If you’re an aide who does cheat, remember you only have one back. Remember too, your shoulders and knees will only put up with so much of these bad lifting habits. It will catch up with you. If it’s in the residents’ care plans that they are to be transfered via a ML or with two staff, you are breaking rules and could lose your certification over this. Especially if you document the transfers were performed as care planned: You’re participating in fraud if you sign it off as done. And if you get hurt, how will you explain it? Worker comp claims are often denied when they find out (and they do investigate) you did an illegal lift.

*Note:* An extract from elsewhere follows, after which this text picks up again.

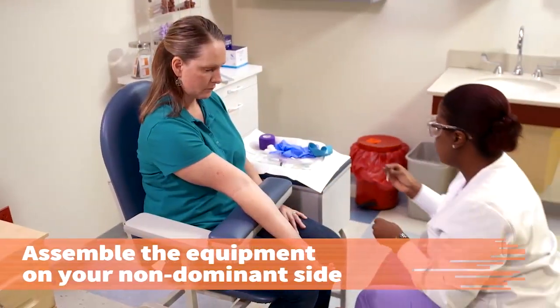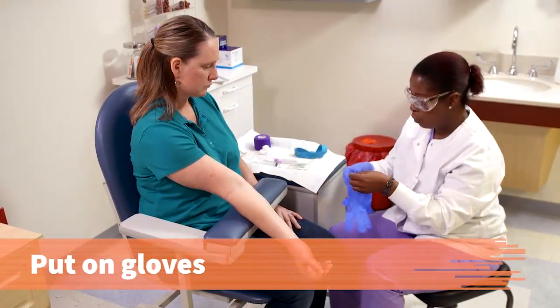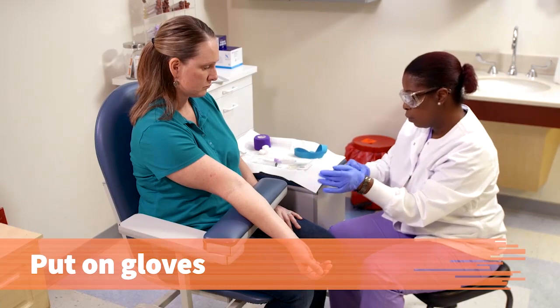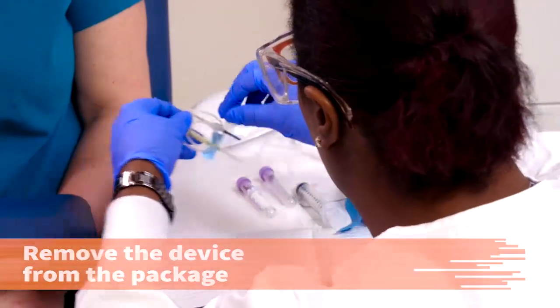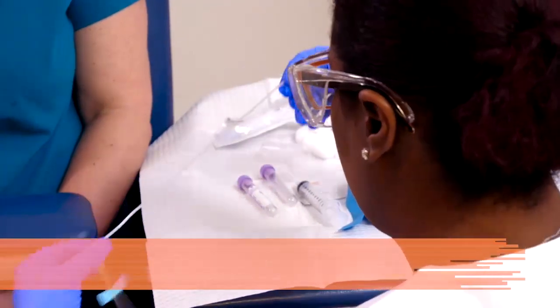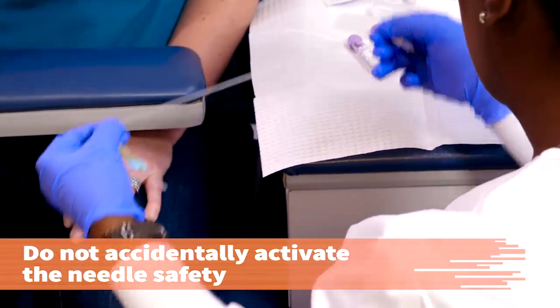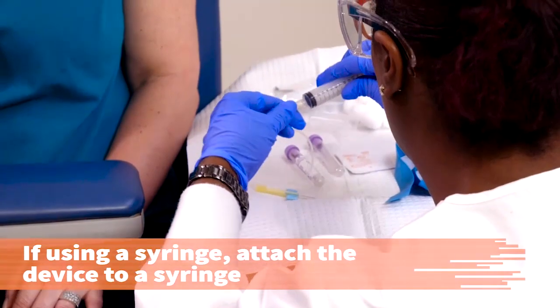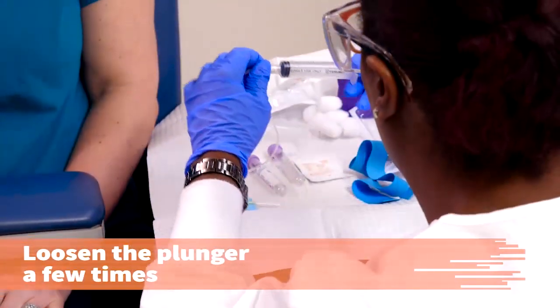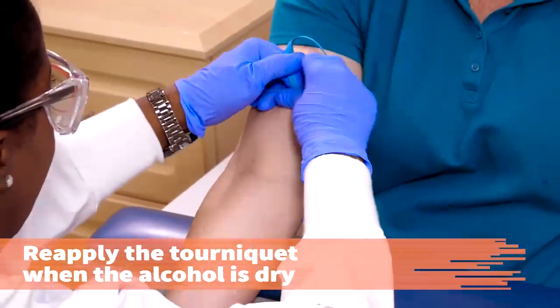Assemble your equipment and supplies on the non-dominant side of the patient's arm. Put on disposable gloves. Remove the butterfly device from the package and stretch the tubing slightly. Take care not to activate the needle retracting safety device accidentally. Attach the butterfly device firmly to a syringe. Make sure to loosen the plunger a few times after the butterfly and syringe are attached. Reapply the tourniquet when the alcohol is dry.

Is it worth being out of work with an injury, with no pay coming in? Consider your reputation as well…you will probably be fired for not following policy and this will follow you in your future employment opportunities. And remember this: You’re teaching the next generation of CNA’s some pretty poor work ethics- and worse, you’re planting the seeds of a painful future for another person (the new aide)…and keeping this cycle alive and well.

New aides can set the standard, as can aides with more experience who decide to change their attitudes on these things. Do it right! Save your body. And think of the resident’s safety! Use the proper lifting guild lines for each resident…if a ML is called for, USE IT. Get your resident all ready for the transfer BEFORE getting help- remember your co workers time is valuable. Don’t waste it. Work efficiently and with purpose. Make teamwork as simple as possible.